The next concrete signal will be whether IO Interactive shows Project Fantasy in motion anytime soon. If the game vanishes from trade show lineups and developer updates for the next six to twelve months, you will know the timeline has slipped. Watch also for hiring notices: if IO begins aggressively recruiting for fantasy RPG roles in late 2026 or 2027, that suggests the studio is trying to rebuild capacity it just destroyed. Finally, monitor the 007 First Light marketing cycle. If that project starts absorbing studio messaging and public-facing talent, it is a safe bet that Project Fantasy has been deprioritized internally regardless of what the press releases say.

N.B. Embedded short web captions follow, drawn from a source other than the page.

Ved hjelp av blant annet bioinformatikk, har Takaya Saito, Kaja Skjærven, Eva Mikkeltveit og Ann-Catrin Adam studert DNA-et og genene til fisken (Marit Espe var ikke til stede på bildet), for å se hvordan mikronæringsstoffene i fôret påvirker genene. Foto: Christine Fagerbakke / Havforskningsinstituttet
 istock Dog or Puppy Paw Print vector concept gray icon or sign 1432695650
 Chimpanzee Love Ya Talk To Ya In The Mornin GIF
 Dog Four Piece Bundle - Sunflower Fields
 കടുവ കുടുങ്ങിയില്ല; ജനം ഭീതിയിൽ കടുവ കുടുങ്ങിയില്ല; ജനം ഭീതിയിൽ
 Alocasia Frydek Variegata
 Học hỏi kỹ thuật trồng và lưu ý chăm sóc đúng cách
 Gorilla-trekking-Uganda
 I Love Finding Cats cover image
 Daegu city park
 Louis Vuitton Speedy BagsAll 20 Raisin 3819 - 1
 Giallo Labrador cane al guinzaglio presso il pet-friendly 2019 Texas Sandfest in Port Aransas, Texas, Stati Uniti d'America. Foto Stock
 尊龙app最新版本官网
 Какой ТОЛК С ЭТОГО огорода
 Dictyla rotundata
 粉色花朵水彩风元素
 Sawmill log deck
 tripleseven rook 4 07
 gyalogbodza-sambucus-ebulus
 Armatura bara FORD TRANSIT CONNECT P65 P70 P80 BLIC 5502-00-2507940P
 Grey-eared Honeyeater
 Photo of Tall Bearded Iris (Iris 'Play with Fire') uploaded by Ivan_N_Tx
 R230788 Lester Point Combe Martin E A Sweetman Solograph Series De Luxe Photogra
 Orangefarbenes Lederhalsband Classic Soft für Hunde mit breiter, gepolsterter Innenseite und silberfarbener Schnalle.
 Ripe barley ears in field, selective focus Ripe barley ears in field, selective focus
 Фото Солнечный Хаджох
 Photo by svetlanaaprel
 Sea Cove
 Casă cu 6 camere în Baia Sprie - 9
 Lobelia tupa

Here is the blunt truth: Project Fantasy is not dead, but it is wounded in ways that PR language cannot fix. A game built on the ambition of a fully staffed IO Interactive cannot simply absorb layoffs and emerge identical on the other side. Something has to give — whether that is scope, mechanical depth, or the release timeline players were counting on. IO deserves credit for refusing to kill the project. But survival is not the same as health. Right now, this game is trying to sprint with a smaller team and a lighter wallet while the same industry that courted it talks about flat investment and shifting priorities. If you were waiting for Project Fantasy, do not abandon it. Just temper your expectations. Hard.